Cody snorted. “Right.”
“This week I am, damn it—” Sam stopped, amazed to find that his pulse had sped up. This kid had a killer instinct when it came to pushing buttons. “Okay, look,” Sam said, pressing the mute button on the remote control. “I should have told you not to take on passengers unless you check with me first.”
“So why didn’t you?”
“Because I’m new to this, that’s why. I’m making it up as I go along.”
“That’s obvious.”
“You’re not making it easy, Cody.”
“Why should I?”
Sam clenched his teeth until he brought his temper back in check. In a slow drawl, he asked, “Are you enjoying this?”
“What, being here? Hell no,” Cody said bluntly. “You’re not having any fun, either, so maybe you should just send me back to Seattle to stay with Natalie.” He patted his shirt pocket. “I have a copy of the bus schedule.”
“Not an option,” Sam said, his gaze flashing to the painting over the mantel. “I said I’d look after you this week, and that’s what I’m going to do.

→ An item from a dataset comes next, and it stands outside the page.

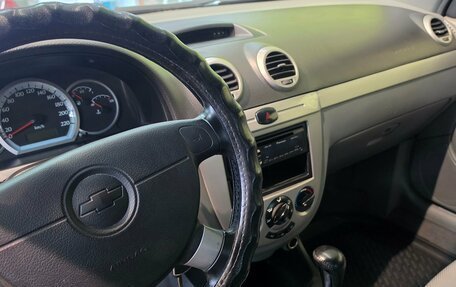 Chevrolet Lacetti, 2012 год, 590 000 рублей, 10 фотография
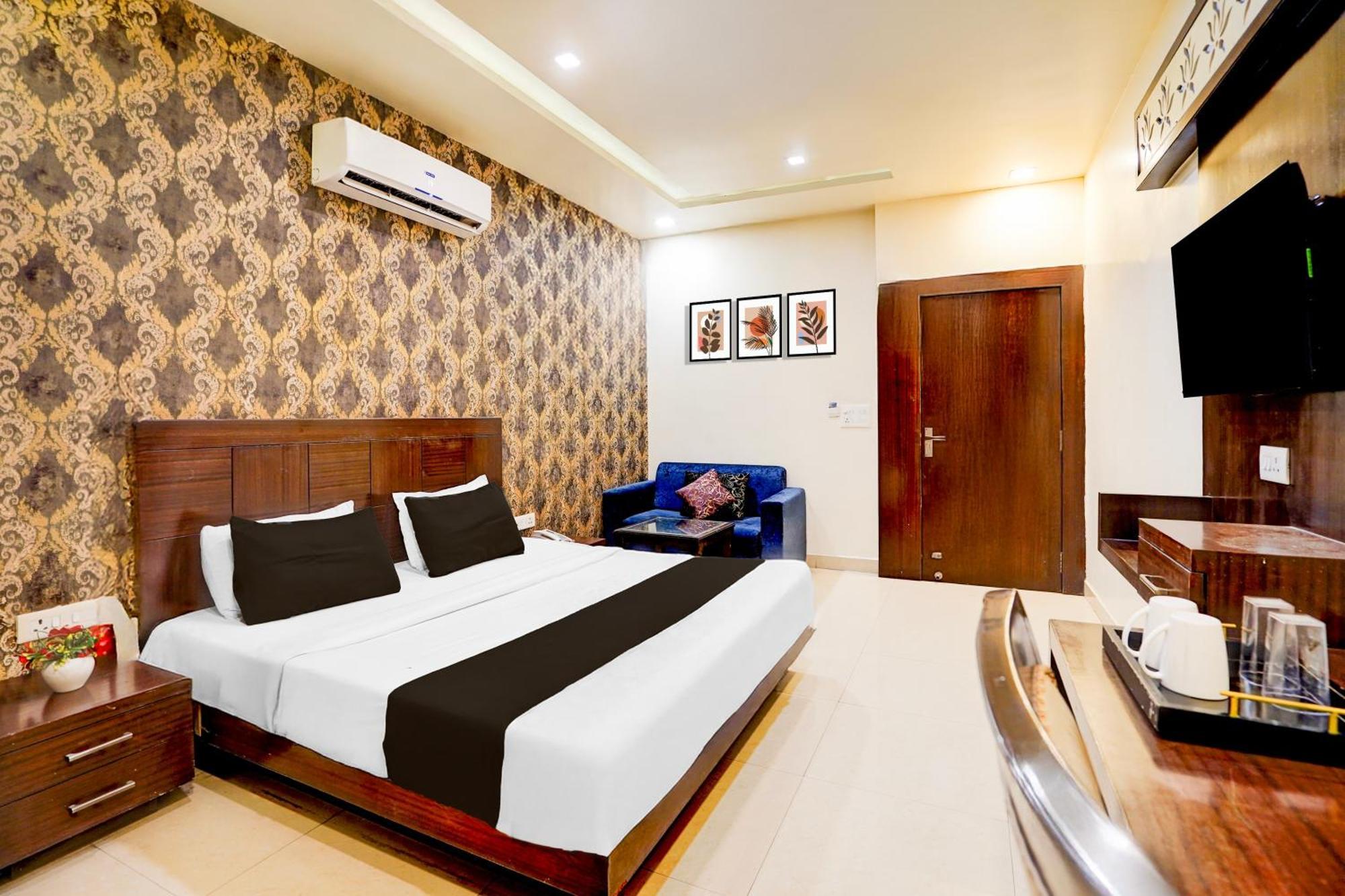Super Townhouse Lalghati Near Airport Bhopál Kültér fotó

We could probably have an okay time together if we could get past the bickering stage. What do you say?”
Cody picked up a thread on the arm of the sofa. “I don’t see the point.”
“Maybe there doesn’t need to be a point. Look, you’re a teenager. It’s your job to question every rule and push at every boundary. It’s my job to tell you the rules and boundaries. By not telling you about passengers in the Jeep, I fell down on the job. So here’s the rule—number of passengers cannot exceed the number of seat belts. Got it?”
“Yeah. Whatever.”
“It’s your job to tell me where you’re going when you leave and what time you’ll be back.”
“I don’t see why—”
“So if you don’t show up, they’ll know where to look for the body,” Sam snapped.
Cody got to his feet. “Jeez, I didn’t mean to start World War III. I just mentioned I gave a girl a ride home. She likes me. Is it so hard for you to believe someone likes me?”
“Christ, no, Cody.
I
like you. I want you to be safe. I want us to get along, okay?”
“Whatever,” he muttered one last time, stooping to pick up his heavy backpack and heading for the stairs. “I’ve got some homework to do.”
Crossing his arms across his chest, Sam scowled at the TV screen without really seeing it. The conversation had exposed glaring inadequacies he never knew he had, and it bugged the hell out of him. As a parent, you had to figure out when to say yes and when to say no. When to praise and when to upbraid. And getting it right was harder than it seemed.